Deve-se erguer parede entre Estado e religião

O passado refletido no presente

por Claudio Lembo, do Terra Magazine

Desenvolve-se a campanha, em busca do segundo turno, com um componente de há muito ausente das pugnas eleitorais. Antes de 1964, a religião dominante sempre avocava o direito de indicar caminhos para o eleitorado.

Com a implantação do regime militar está prática deixou ser utilizada. Nenhum documento era emitido pela hierarquia apontando os caminhos a serem traçados para o voto de cada fiel.

Isto não quer dizer que não havia direcionamento político por parte do clero. A sua maioria optara pelo combate ao regime militar e isto conduzia a uma pregação continua nos púlpitos.

Os temas da moral individual ficaram marginalizados. Ou submersos. Procurou a hierarquia, naquela oportunidade, a análise da ética social e o afastamento dos obstáculos impostos pelo autoritarismo.

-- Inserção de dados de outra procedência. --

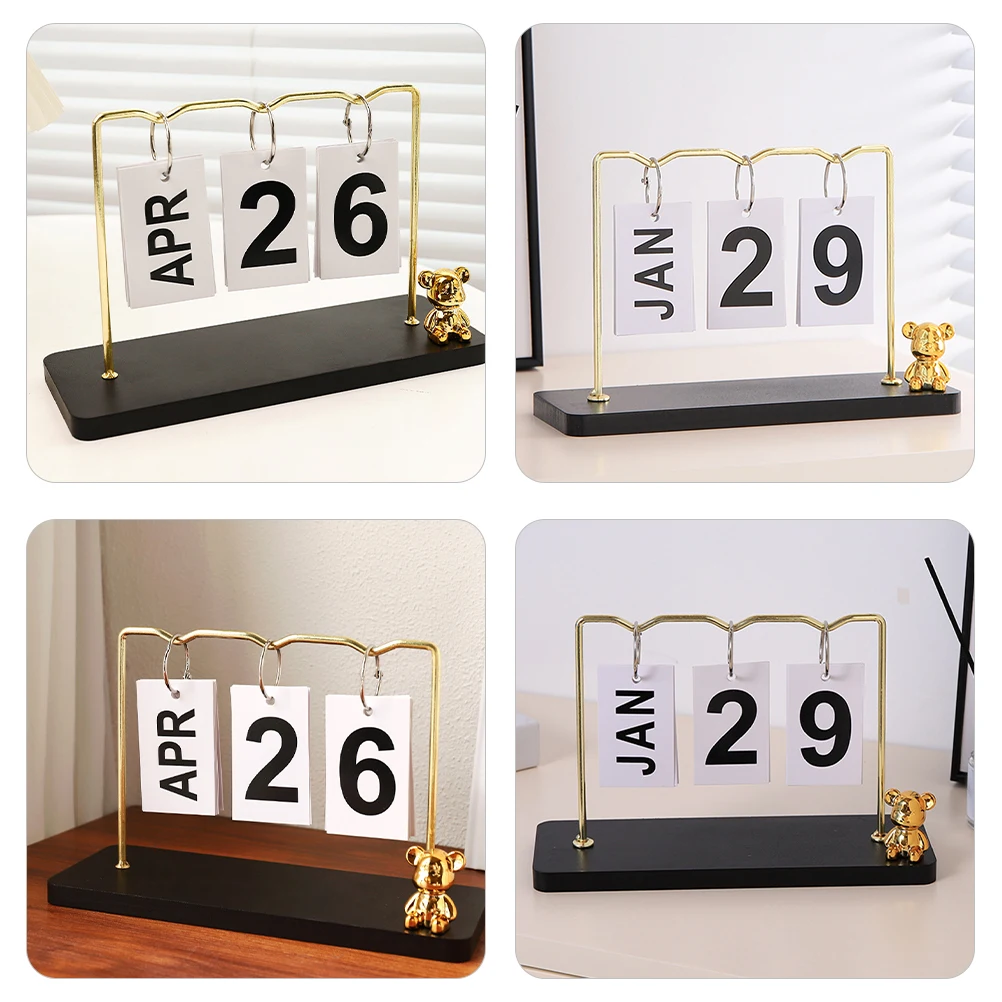 Metal Desk Design Reusable Standing Office Home Reusable Calendar Decor Desk Calendar For Home Compact Size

Nesta campanha, contudo, temas correspondentes à moral individual passaram a ser abordado pelas diversas correntes do pensamento religioso, como de há muito não se observava na vida política nacional.

Claro que não se pode impedir às religiões o oferecimento de suas posturas em matérias de moral. Todas elas, além do escopo da salvação, contam com o objetivo de conferir uma escala de valores à sociedade.

O risco se coloca no excesso de questionamentos neste difícil campo da esfera individual da cidadania. Isto pode levar ao rompimento do preceito clássico edificado pelos juristas em outras épocas.

Trata-se do absoluto isolamento de atuação entre o Estado e as religiões. Ou no dizer dos jurisconsultos norte-americanos: deve ser erguer uma parede entre os assuntos do Estado e das religiões.

Quando este princípio é violado, há perigo à vista. Os temas atinentes ao cenário civil passam a ser dominados por ortodoxias e estas podem conduzir a sectarismos indesejáveis.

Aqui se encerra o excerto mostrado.